Mientras me ajusto el casco me dice que tiene 29 años y una úlcera. Subo a la parte trasera de la moto y enfilamos por la calle Reina buscando Carlos III. El semáforo de Belascoaín nos obliga a una parada en la que me cuenta que nació en pleno Período Especial y que forma parte de lo que ha llamado “la generación de arena”. “Fuimos los niños que se criaron sin leche y sin juguetes”, añade y, justo después, la luz verde nos da paso hacia la amplia avenida.
Lo ha intentado casi todo para sobrevivir: “Trabajé de mesero en una cafetería estatal, fui distribuidor del paquete casa a casa, logré una plaza en una gasolinera pero ahí duré poco, me dejé llevar por el sueño de trabajar en la Zona Especial del Mariel pero aquello se desinfló rápidamente, fui cochero en La Habana Vieja y finalmente terminé en el Mercado El Trigal”. Ya estamos llegando a la calle Zapata y una estrecha confianza –como si nos conociéramos de toda la vida – marca la conversación.
“Al principio la idea de El Trigal era buena”, me confiesa. “Yo le compraba el plátano macho al guajiro en 80 centavos de pesos y lo vendía a los clientes, que eran en su mayoría paladares y cafeterías, en 1,50”. Pero el mercado, un prototipo de lo que podría extenderse por toda la Isla para eliminar trabas en el comercio agropecuario, terminó zozobrando. “Un día llegamos y ya no se permitía comprar directamente, había que pasar por la estatal Acopio que entonces nos ponía el plátano a 2,50 CUP y no nos daba negocio venderlo”.
La torre de la Plaza de la Revolución nos queda a la izquierda mientras atravesamos parte de La Timba. “Me tuve que ir de allí y empecé a manejar un triciclo eléctrico para ofrecer mis servicios a los cuentapropistas que iban a comprar al Mercabal de la calle 26, pero eso fue muriendo poco a poco y ahora está cerrado y sin ofertas”. “Tampoco tengo salud para seguir en ese trabajo que llevaba cargar mucho peso porque tengo una hernia discal y problemas en una cadera”.
Ahora, se gana la vida como parqueador de vehículos a las afueras de una tienda habanera.
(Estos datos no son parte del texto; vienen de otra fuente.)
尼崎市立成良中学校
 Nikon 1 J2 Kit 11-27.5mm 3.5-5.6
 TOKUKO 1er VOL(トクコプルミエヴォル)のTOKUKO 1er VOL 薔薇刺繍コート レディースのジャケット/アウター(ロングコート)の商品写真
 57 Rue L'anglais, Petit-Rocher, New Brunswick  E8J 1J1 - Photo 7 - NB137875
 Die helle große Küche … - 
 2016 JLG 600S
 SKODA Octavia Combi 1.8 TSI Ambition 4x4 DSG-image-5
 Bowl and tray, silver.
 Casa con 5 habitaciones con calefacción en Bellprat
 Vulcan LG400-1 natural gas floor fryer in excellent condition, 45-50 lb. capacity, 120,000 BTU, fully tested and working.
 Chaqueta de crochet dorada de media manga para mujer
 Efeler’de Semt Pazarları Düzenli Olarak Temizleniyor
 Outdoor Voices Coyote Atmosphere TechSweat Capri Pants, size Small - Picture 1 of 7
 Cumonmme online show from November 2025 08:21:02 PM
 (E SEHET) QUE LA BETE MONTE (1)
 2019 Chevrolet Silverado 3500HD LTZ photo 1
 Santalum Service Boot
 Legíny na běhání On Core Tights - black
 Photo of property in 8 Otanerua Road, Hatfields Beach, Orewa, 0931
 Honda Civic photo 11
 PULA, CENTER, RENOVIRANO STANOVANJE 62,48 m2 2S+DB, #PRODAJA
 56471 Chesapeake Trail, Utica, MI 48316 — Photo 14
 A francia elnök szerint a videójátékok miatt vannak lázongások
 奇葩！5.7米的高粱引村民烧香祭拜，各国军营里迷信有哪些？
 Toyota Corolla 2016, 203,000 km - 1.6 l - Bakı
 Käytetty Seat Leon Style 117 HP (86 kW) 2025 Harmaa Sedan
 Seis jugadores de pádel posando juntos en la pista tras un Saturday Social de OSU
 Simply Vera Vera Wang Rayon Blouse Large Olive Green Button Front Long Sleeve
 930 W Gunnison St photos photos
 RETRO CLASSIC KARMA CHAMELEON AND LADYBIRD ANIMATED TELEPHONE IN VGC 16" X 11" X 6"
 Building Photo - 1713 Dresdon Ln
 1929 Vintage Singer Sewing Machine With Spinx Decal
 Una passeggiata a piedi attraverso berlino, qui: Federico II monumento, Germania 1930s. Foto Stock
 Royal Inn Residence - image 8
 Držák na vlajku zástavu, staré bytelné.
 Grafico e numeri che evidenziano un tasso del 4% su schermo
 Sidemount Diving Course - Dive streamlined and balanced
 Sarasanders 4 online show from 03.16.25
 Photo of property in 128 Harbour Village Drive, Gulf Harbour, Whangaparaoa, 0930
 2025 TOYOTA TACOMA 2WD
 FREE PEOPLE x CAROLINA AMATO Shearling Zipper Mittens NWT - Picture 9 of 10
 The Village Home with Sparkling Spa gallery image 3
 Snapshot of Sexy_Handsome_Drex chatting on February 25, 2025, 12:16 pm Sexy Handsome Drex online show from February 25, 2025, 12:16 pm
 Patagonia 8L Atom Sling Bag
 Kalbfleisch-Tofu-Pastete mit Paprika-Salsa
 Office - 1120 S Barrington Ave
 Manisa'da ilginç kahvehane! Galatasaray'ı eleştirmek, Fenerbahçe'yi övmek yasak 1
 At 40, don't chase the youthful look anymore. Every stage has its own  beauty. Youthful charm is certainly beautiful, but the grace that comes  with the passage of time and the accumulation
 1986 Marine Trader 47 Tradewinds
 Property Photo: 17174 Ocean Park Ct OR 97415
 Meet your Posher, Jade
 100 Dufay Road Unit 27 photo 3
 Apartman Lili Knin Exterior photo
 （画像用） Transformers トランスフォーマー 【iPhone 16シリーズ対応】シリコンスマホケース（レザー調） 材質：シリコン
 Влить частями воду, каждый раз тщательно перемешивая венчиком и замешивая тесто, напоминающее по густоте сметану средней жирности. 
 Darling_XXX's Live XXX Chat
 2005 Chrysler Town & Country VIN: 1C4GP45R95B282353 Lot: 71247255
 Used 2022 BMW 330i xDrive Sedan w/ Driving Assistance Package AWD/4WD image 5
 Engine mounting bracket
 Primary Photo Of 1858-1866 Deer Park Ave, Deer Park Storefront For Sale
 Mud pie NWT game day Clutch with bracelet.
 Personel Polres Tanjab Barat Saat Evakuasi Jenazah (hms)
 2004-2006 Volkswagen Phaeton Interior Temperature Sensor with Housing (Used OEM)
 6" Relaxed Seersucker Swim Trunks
Comparte la vigilancia de los carros con un amigo que le cuida su puesto para que haga, de vez en cuando, una carrera para llevar a algún cliente hasta su casa. “No da para mucho pero al menos tengo trabajo, la mayoría de mis amigos están en sus casas con los brazos cruzados porque no encuentran nada”.
La calle Tulipán ya se divisa, sin tráfico a esa hora de la tarde, y el joven advierte: “Es que, como te dije, nosotros somos de arena, nos estamos desarmando”. Doblamos y sigue contando: “Pero no me puedo ir de este país porque tengo a mi madre y a mi abuelita aquí, sé que si ‘salgo a ver los volcanes’ no voy a verlas nunca más”. La estación de trenes, con sus rieles y sus andenes vacíos, son el escenario de su más dura frase: “Aquí no quiero tener hijos pero tampoco puedo emigrar, así que parece que mi familia termina conmigo”.
Frente a mi bloque de concreto se despide. Me bajo de la moto y le devuelvo el casco. Lo veo alejarse y perderse de vista como si la brisa de mi calle hubiera terminado por diseminar los granos de arena que aún había logrado retener dentro de su camisa.